Data extract:
◇ ◇ ◇
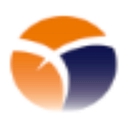 Accell Global B.V. logo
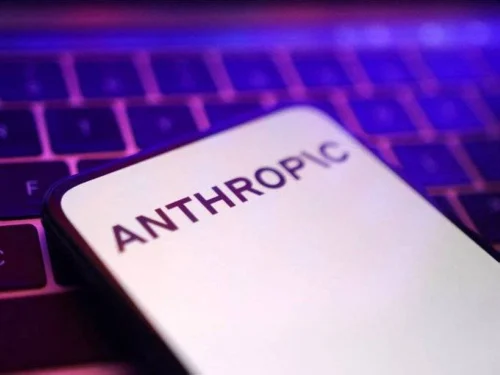 Conclusion: What Opus 4.6 Means for the Future of AI - visual representation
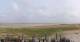 Wittdün auf Amrum 08.06.2025 19:22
◇ ◇ ◇
What is expected:
Print the material above exactly as it appears, but not its pictures.

Answer space:
 Accell Global B.V. logo
 Conclusion: What Opus 4.6 Means for the Future of AI - visual representation
 Wittdün auf Amrum 08.06.2025 19:22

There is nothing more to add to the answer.